Have not made an entry for the past week as I have been too frightened to think of such trifles. ….. It began to snow so I went up to Llewellyn Hefford’s for a couple of hours or so. We had a game of checkers and about 10 o’clock I left for home. It was blowing a gale from the south-west and drifting. When I got home Mother and Father were waiting up for me. They were uneasy as it was a wonderful rough night. However we went to bed about 10.30. At about a quarter to twelve Maria ( his sister) awoke with the whooping cough and discovered that the store and barn was all in a blaze. I awoke scared almost to death. The room was all lighted up as if it were day and I thought that it was the house. I did not know what I was doing and I don’t think any of us did, we were so frightened. We got to the barn door but the heat was so terrific that when we got it unlocked we had to leave it fair play. Besides, the animals were all smothered by that time. In less than an hour the whole thing was flat on the ground. Everybody in the neighbourhood did their best to extinguish the flames but all to no avail.

Andrew writes how the people of the area rallied around to help his father rebuild his barn.

The people of New Harbour and Dildo are helping. They have hauled along 190 sticks to the mill…The people of Blaketown have collected 93 logs. Father got a pleasant surprise to find that so many helped him in Blaketown. ……The St. Augustine’s Women’s Sewing Class are holding a tea tonight in the school to aid Father in this trying time. The people are still bringing along logs. ….There is about 200 up by the Hoskins’ mill now. The L.O.A. the L.O.Y.B.A and the S.U.F. combined are holding a tea to help Father. ….Colin came down today and had a hard time too as there is so much snow. He has collected $1.55 in Little Ridge which, is very good for so small a place.

In September 1935, Andrew writes about his first visit to St. john’s:

Left for St. John’s today. Had a delightful time, it being my first time in town. Saw the Blue Peter which is there loading with blueberries. We unloaded the berries on the South Side at Baird’s and then came over on Water St. and loaded up with flour at the Furness Withy freight shed….. We stopped at Bowring Park where I got a bird’s eye view of Peter Pan, The Caribou and The Fighting Newfoundlander. There was a nice lot of flowers there too and a lot of strange trees which have been presented by divers people to beautify the Park which is a delightful place.
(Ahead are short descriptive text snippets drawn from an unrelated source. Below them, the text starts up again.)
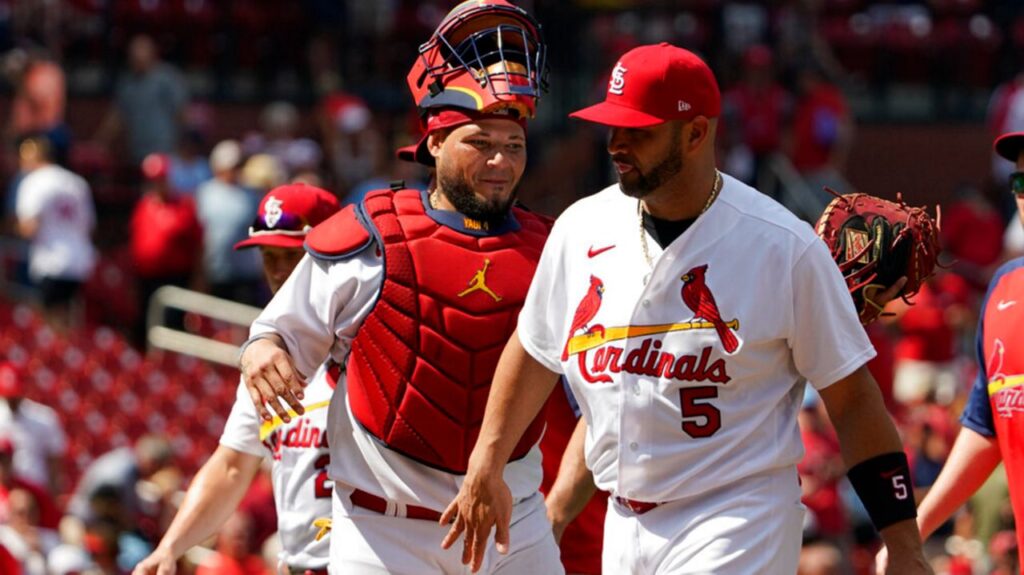 Yadier Molina y Albert Pujols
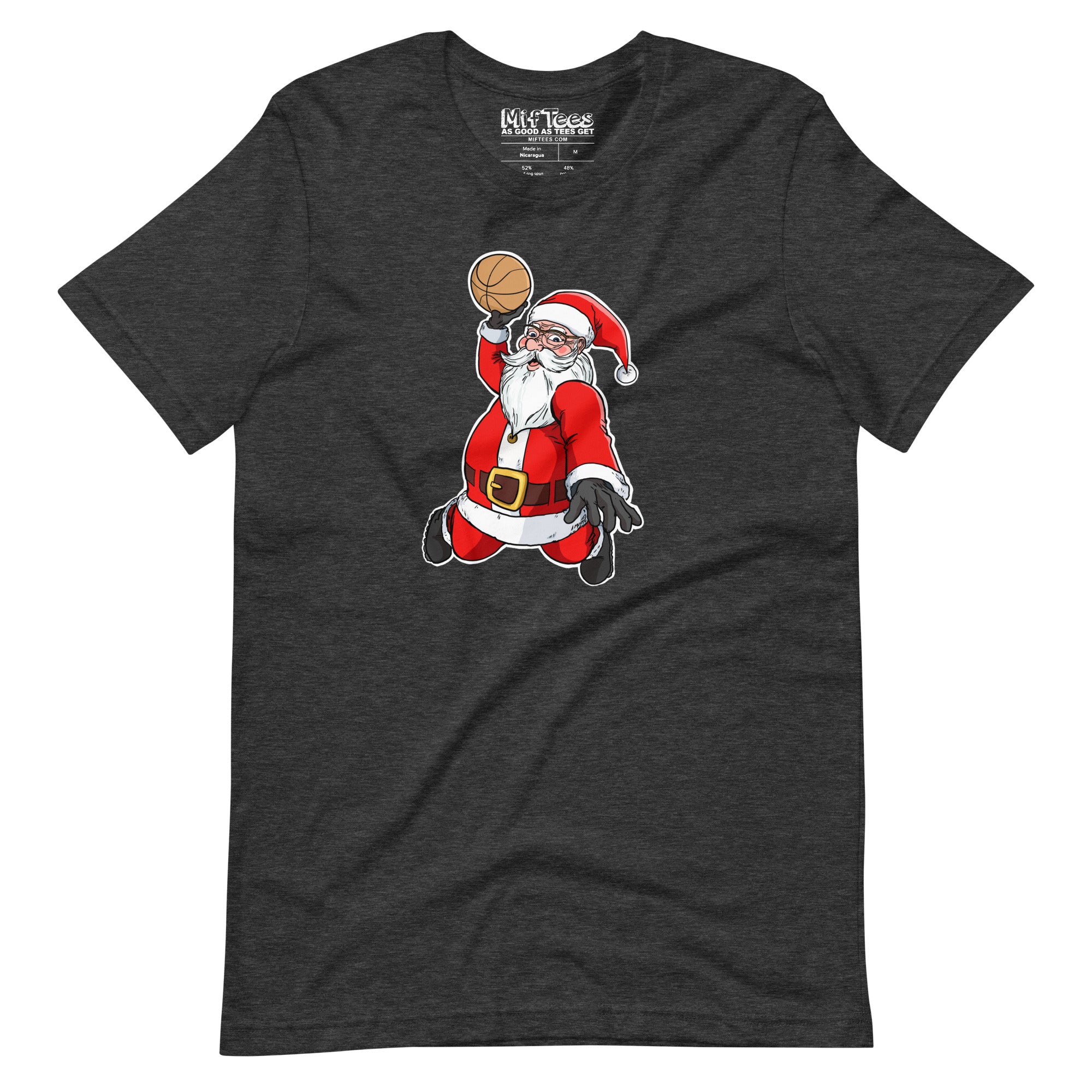 Slam Dunking Santa Claus T-shirt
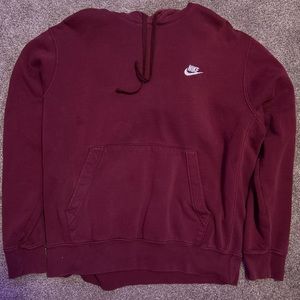 Burgundy nike hoodie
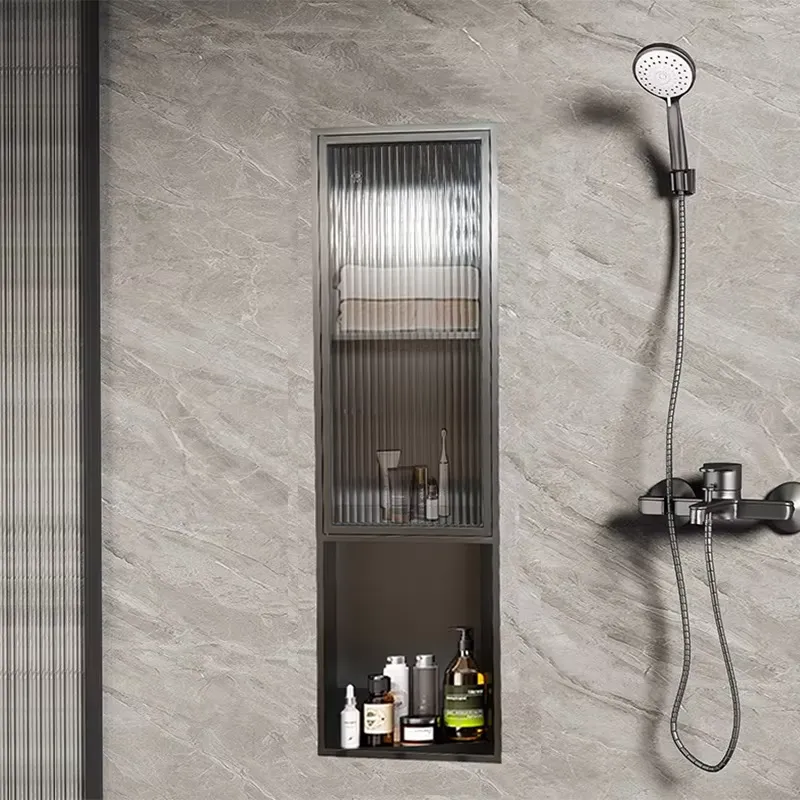 Moderne hoekdouche-inbouwkast  - Shower Niche Stainless Steel Recessed recensie en prijs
What a place to get a picture taken!

Andrew carries on this journal for three years covering a variety of topics from the weather, funerals, weddings, getting wood, making barrel hoops, special events and shipping tragedies. He even talks about working on the roads for a number of hours in order to pay for a $2.00 licience for his brother’s dog.

I’m afraid I have only scratched the surface on this delightful journal. In closing I am giving the final word to Andrew who wrote on March 22, 1936 a statement which is contrary to the current situation in many churches today.

Showery this morning, attended Mattins where there was a fine crowd of children but it’s surprising how very few grown-ups attend church in the mornings. I think that when the children grow up they will cease to go to church too and I would not blame them when they do not see their elders present and who should be showing them a good example by going to church. Attended school this afternoon and Evensong at 6.30. Afterwards, Cam and I went up the road.